◆ Exercise material ◆
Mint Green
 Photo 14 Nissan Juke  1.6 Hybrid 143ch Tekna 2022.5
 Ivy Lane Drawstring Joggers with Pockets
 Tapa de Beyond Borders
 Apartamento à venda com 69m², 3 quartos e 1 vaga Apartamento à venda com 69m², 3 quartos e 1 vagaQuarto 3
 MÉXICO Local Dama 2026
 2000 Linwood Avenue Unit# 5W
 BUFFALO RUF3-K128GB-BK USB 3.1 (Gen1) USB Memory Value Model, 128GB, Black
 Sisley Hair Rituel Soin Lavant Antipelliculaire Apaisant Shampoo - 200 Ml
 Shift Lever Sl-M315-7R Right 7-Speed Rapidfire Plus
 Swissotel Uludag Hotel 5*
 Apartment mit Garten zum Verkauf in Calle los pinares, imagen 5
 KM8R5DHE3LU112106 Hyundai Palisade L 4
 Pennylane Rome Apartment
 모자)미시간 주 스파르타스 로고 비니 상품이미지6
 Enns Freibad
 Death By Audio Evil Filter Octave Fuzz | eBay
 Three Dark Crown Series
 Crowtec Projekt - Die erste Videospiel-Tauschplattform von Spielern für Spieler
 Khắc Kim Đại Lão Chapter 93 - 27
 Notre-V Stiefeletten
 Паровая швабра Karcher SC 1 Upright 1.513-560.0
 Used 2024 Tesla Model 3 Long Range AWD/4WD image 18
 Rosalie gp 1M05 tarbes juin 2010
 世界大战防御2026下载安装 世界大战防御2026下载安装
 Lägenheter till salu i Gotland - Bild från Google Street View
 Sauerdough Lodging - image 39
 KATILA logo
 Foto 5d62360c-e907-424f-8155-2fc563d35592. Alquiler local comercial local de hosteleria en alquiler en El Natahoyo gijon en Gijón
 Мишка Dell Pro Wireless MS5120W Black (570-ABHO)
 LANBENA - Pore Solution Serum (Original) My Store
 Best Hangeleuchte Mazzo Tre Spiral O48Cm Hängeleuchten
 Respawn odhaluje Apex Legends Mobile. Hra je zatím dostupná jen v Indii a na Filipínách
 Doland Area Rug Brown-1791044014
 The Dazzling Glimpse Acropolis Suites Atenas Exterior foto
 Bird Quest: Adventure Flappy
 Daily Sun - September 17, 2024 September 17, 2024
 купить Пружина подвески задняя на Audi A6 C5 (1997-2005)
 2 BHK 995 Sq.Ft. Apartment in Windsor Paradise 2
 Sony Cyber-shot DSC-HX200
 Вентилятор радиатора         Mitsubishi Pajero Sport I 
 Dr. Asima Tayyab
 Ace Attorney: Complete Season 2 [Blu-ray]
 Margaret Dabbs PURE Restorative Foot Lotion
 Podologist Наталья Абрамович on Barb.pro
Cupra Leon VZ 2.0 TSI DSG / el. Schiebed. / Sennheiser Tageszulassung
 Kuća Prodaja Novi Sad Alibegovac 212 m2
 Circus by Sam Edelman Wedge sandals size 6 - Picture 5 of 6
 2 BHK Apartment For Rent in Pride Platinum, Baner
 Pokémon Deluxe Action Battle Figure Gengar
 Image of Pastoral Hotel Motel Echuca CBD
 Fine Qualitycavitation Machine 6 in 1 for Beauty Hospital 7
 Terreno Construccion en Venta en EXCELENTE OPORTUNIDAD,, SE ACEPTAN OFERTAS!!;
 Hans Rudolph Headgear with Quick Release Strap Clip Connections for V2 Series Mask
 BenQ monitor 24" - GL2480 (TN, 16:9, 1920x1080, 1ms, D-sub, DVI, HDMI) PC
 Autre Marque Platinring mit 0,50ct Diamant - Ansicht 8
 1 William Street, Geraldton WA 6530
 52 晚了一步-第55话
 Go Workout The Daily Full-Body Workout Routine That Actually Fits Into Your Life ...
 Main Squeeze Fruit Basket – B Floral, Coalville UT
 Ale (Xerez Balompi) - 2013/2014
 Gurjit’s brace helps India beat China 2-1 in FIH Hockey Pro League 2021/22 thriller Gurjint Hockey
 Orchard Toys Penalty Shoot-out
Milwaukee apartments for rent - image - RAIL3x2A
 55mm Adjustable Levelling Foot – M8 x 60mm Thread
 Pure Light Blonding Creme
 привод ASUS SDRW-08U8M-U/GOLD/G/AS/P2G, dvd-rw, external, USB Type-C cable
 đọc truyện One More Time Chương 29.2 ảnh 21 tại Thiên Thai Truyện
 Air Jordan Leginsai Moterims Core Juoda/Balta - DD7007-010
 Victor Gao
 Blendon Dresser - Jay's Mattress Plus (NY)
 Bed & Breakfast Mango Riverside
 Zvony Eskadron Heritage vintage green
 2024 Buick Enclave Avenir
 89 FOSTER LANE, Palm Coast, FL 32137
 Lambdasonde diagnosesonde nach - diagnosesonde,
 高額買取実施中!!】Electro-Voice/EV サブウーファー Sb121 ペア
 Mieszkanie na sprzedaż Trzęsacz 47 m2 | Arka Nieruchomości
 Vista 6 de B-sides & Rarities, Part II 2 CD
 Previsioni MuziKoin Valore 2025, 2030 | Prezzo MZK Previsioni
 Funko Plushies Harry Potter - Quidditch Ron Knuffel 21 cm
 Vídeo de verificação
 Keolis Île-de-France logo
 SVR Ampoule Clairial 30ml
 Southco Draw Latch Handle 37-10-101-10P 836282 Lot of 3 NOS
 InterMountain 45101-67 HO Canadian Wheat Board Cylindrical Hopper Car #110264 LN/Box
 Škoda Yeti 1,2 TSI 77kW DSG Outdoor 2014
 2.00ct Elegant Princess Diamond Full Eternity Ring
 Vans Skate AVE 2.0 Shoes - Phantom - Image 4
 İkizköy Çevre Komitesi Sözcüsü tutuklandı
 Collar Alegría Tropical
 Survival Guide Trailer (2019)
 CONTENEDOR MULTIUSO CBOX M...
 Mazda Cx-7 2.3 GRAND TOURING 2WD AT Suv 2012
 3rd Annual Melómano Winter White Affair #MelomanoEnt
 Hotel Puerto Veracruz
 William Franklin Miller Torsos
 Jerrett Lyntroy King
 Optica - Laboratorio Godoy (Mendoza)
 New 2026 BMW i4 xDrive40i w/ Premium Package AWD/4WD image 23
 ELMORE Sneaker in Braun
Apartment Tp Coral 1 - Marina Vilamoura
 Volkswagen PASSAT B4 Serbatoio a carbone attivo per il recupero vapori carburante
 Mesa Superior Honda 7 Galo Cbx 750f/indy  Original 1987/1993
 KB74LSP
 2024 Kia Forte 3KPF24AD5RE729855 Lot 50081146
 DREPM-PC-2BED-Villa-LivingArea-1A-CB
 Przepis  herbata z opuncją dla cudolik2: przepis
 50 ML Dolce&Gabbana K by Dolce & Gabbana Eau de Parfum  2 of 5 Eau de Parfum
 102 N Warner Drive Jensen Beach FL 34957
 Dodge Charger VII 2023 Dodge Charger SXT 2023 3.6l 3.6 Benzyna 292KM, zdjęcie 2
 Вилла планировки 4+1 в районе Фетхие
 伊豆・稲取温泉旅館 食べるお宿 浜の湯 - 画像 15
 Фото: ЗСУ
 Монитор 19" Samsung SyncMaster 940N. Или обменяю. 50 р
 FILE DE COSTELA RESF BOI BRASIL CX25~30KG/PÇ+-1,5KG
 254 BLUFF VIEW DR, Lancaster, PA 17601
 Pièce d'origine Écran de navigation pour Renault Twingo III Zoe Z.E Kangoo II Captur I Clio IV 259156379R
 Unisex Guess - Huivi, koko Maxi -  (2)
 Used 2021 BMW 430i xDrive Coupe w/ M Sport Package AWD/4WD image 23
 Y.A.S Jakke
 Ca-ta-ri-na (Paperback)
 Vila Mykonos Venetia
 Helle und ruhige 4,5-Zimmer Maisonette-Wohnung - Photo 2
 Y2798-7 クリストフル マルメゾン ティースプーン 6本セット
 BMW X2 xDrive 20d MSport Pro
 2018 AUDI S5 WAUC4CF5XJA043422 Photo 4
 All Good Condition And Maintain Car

◆ The problem ◆
In the entries above, one line contains "高額買取実施中!!】Electro-Voice/EV サブウーファー Sb121 ペア" and another contains "BMW X2 xDrive 20d MSport Pro". Reproduce exactly those two lines and the lines between them, nothing else.

◆ Solution ◆
 高額買取実施中!!】Electro-Voice/EV サブウーファー Sb121 ペア
 Mieszkanie na sprzedaż Trzęsacz 47 m2 | Arka Nieruchomości
 Vista 6 de B-sides & Rarities, Part II 2 CD
 Previsioni MuziKoin Valore 2025, 2030 | Prezzo MZK Previsioni
 Funko Plushies Harry Potter - Quidditch Ron Knuffel 21 cm
 Vídeo de verificação
 Keolis Île-de-France logo
 SVR Ampoule Clairial 30ml
 Southco Draw Latch Handle 37-10-101-10P 836282 Lot of 3 NOS
 InterMountain 45101-67 HO Canadian Wheat Board Cylindrical Hopper Car #110264 LN/Box
 Škoda Yeti 1,2 TSI 77kW DSG Outdoor 2014
 2.00ct Elegant Princess Diamond Full Eternity Ring
 Vans Skate AVE 2.0 Shoes - Phantom - Image 4
 İkizköy Çevre Komitesi Sözcüsü tutuklandı
 Collar Alegría Tropical
 Survival Guide Trailer (2019)
 CONTENEDOR MULTIUSO CBOX M...
 Mazda Cx-7 2.3 GRAND TOURING 2WD AT Suv 2012
 3rd Annual Melómano Winter White Affair #MelomanoEnt
 Hotel Puerto Veracruz
 William Franklin Miller Torsos
 Jerrett Lyntroy King
 Optica - Laboratorio Godoy (Mendoza)
 New 2026 BMW i4 xDrive40i w/ Premium Package AWD/4WD image 23
 ELMORE Sneaker in Braun
Apartment Tp Coral 1 - Marina Vilamoura
 Volkswagen PASSAT B4 Serbatoio a carbone attivo per il recupero vapori carburante
 Mesa Superior Honda 7 Galo Cbx 750f/indy  Original 1987/1993
 KB74LSP
 2024 Kia Forte 3KPF24AD5RE729855 Lot 50081146
 DREPM-PC-2BED-Villa-LivingArea-1A-CB
 Przepis  herbata z opuncją dla cudolik2: przepis
 50 ML Dolce&Gabbana K by Dolce & Gabbana Eau de Parfum  2 of 5 Eau de Parfum
 102 N Warner Drive Jensen Beach FL 34957
 Dodge Charger VII 2023 Dodge Charger SXT 2023 3.6l 3.6 Benzyna 292KM, zdjęcie 2
 Вилла планировки 4+1 в районе Фетхие
 伊豆・稲取温泉旅館 食べるお宿 浜の湯 - 画像 15
 Фото: ЗСУ
 Монитор 19" Samsung SyncMaster 940N. Или обменяю. 50 р
 FILE DE COSTELA RESF BOI BRASIL CX25~30KG/PÇ+-1,5KG
 254 BLUFF VIEW DR, Lancaster, PA 17601
 Pièce d'origine Écran de navigation pour Renault Twingo III Zoe Z.E Kangoo II Captur I Clio IV 259156379R
 Unisex Guess - Huivi, koko Maxi -  (2)
 Used 2021 BMW 430i xDrive Coupe w/ M Sport Package AWD/4WD image 23
 Y.A.S Jakke
 Ca-ta-ri-na (Paperback)
 Vila Mykonos Venetia
 Helle und ruhige 4,5-Zimmer Maisonette-Wohnung - Photo 2
 Y2798-7 クリストフル マルメゾン ティースプーン 6本セット
 BMW X2 xDrive 20d MSport Pro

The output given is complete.